In order to build a trading system for the 21st Century that honors our values and expands opportunity, we must do more to ensure that spirited economic competition among nations never becomes a race to the bottom in environmental protections, consumer protections or labor standards. We should be leveling up, not leveling down [emphasis added].(1)

We further request that meetings of the NAFTA Sanitary and Phytosanitary Committee and the NAFTA Fish and Fishery Product Inspection Technical Working Group be opened to officially recognized consumer organizations with expertise in this area. Since September 1999, we have made three formal requests to attend meetings of these groups but have received no responses whatsoever to our requests. The President also told the WTO at its recent meeting in Seattle, Washington that trade proceedings should be more open to the public. He stated:

We can do it a little bit now and little bit later. We can drag our feet, or we can run through an open door. But my preference is to open the meetings, open the records, and let people file their opinions.(2)

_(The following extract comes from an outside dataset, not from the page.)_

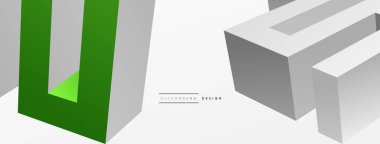 3d line geometric creative abstract background. Trendy techno business template for wallpaper, banner, background or landing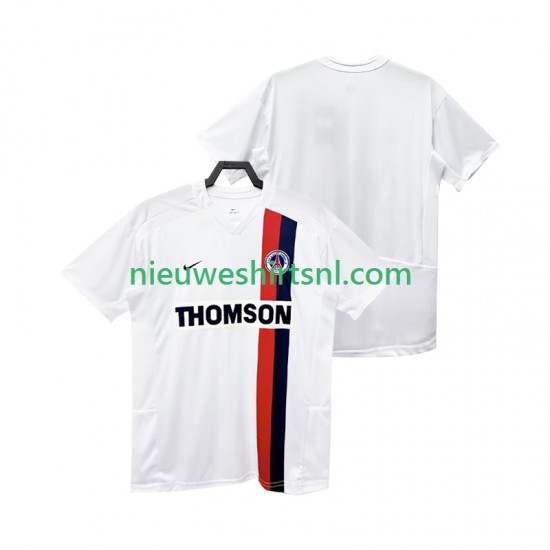 Paris Saint-Germain Heren Shirt met Bedrukking 2003 Retro Uit 2002 Korte Mouw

In order to give credence to the President's words, the U.S. should implement this policy in its own back yard and work aggressively to open up meetings of these NAFTA groups to qualified NGOs that represent consumer interests. In this regard, we note that CSPI has long worked on the matter of seafood safety, maintains offices in both the U.S. and Canada, and has been granted observer status at meetings of the Codex Alimentarius sponsored by the United Nations Food and Agriculture Organization and the World Health Organization.

We would be pleased to meet with you concerning this matter. Please let us know if our office can be of assistance. Because these issues involve matters of concern to the FDA, a similar letter has been sent to the FDA commissioner Dr. Jane Henney.



Bruce Silverglade
Director of Legal Affairs


Darren Mitchell
Staff Attorney


Dr. Catherine Woteki
Undersecretary of Agriculture for Food Safety


1. President William Jefferson Clinton, Statement to the World Trade Organization, (May 18, 1998).

2. President William Jefferson Clinton, Statement to the World Trade Organization, (December 1, 1999.)